-- ABOUT THIS EXERCISE --
The required output is the line with "ＭＯＷ PRIME 白いクッキー＆クリーム" plus all lines that follow it to the end of the listing below, written out exactly, with no pictures.

-- THE DATA --
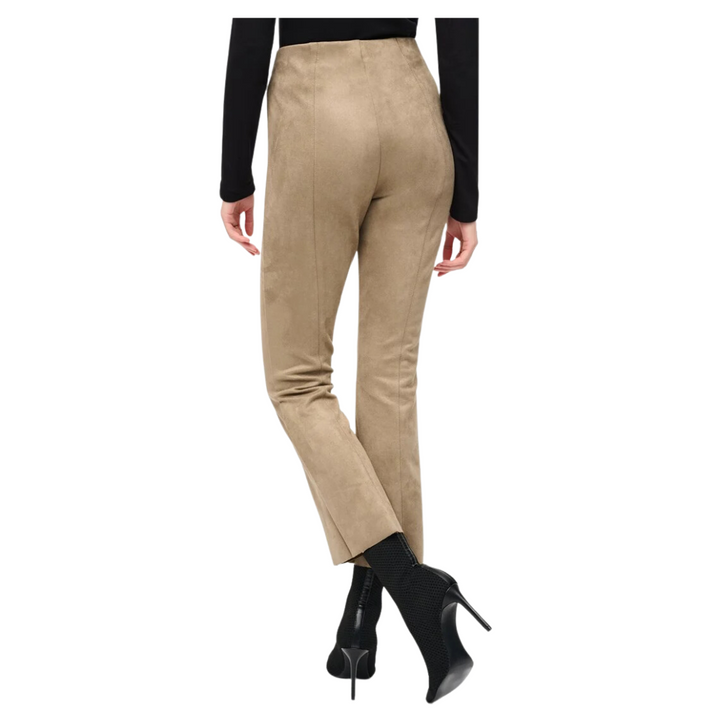 Joseph Ribkoff Suede Flare Pant Java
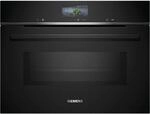 CM776GKB1 iQ700 Einbau-Kompaktbackofen mit Mikrowellenfunktion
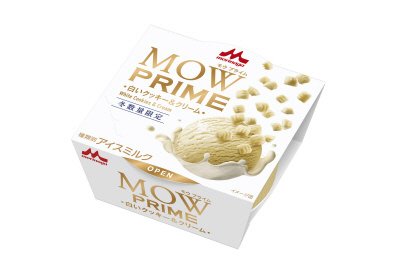ＭＯＷ PRIME 白いクッキー＆クリーム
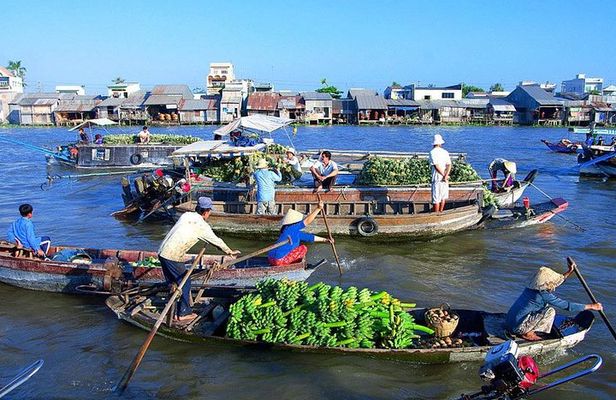 My Tho - Can Tho - Chau Doc 3 days private tour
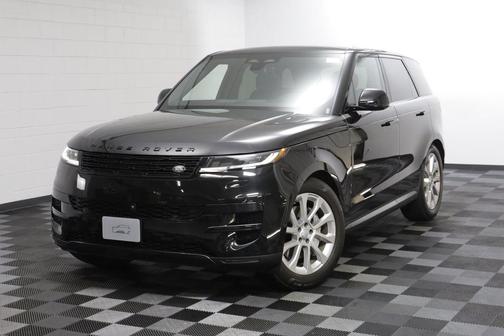 Santorini Black Metallic 2025 Land Rover Range Rover Sport SE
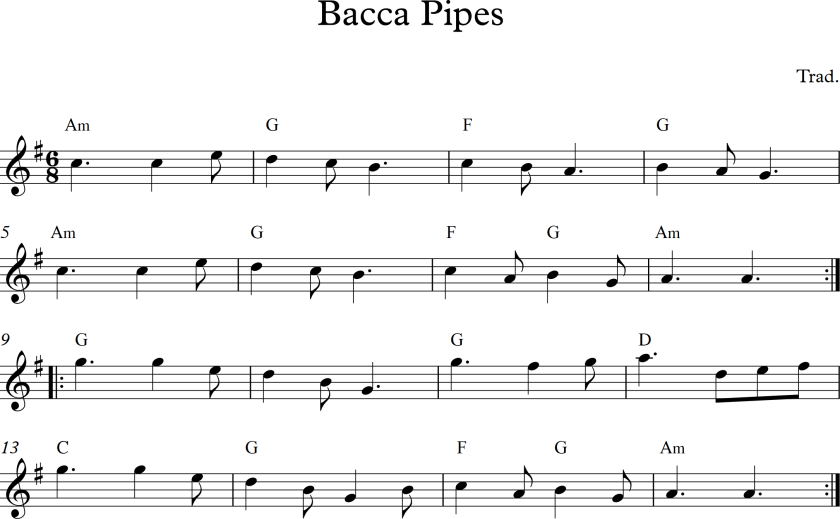 Bacca Pipes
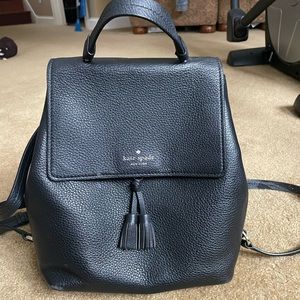 Kate Spade Leather Backpack Purse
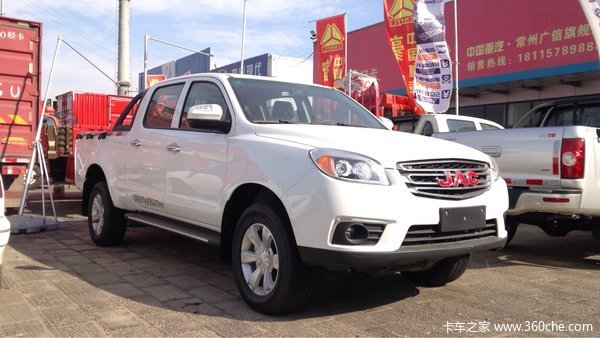 喜迎双12 常州江淮皮卡T6仅售11.48万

-- REPLY --
ＭＯＷ PRIME 白いクッキー＆クリーム
 My Tho - Can Tho - Chau Doc 3 days private tour
 Santorini Black Metallic 2025 Land Rover Range Rover Sport SE
 Bacca Pipes
 Kate Spade Leather Backpack Purse
 喜迎双12 常州江淮皮卡T6仅售11.48万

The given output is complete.